Backblaze is a major cloud service provider which, being in the mass storage business, uses a huge amount of HDDs in its equipment. Computerworld reports that the company has been releasing data over the past few months about its experience with HDDs including the fact that just over one in five of the "consumer-grade" hard drives it employs in its Storage Pod RAID racks has failed over the past four years. Yesterday Backblaze published its most thought provoking chart yet - which correlates HDD brands and disk failure rates.
Backblaze's Storage Pods, made up of arrays of RAIDed disks adding up to as much as 180TB of storage each, contained over 27,000 drives at the end of 2013. The firm used drives from all the major manufacturers including Seagate, WD, Hitachi, Toshiba and Samsung. However the numbers of Toshiba and Samsung which drives it employed are statistically insignificant so aren't part of the table below.

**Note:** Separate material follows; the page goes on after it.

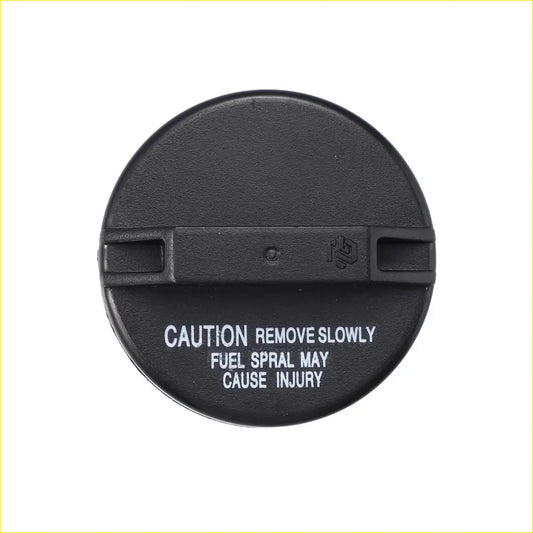 Gas Engine Oil Filler Cap Plug Cover for Toyota Previa (1994-1997)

Let's cut to the chase and take a gander at the table (below).
click to zoom-in
Following previous blog posts by Backblaze on the topics of drive lifetimes and drive reliability readers were keen to see these figures tallied into charts with manufacturer names against them. Pulling no punches Backblaze has published its information in a blog post called "What Hard Drive Should I Buy?"
Commenting upon the graph depicting the 36 month survival rate Backblaze says "Hitachi does really well. There is an initial die-off of Western Digital drives, and then they are nice and stable. The Seagate drives start strong, but die off at a consistently higher rate, with a burst of deaths near the 20-month mark."
Despite the charts above Backblaze's current favourite purchase is a Seagate drive; the 4TB Seagate Desktop HDD.15 (ST4000DM000). However it does note that "We’ll have to keep an eye on them, though. Historically, Seagate drives have performed well at first, and then had higher failure rates later." Another favourite is the Western Digital 3TB Red (WD30EFRX), we are told.
With the WD acquisition of Hitachi around 18 months ago it will be interesting to see if the union of these two storage providers will produce even better reliability. Also I note that the relatively tiny amount of Samsung brand drives used by Backblaze look very promising in the stats that are available.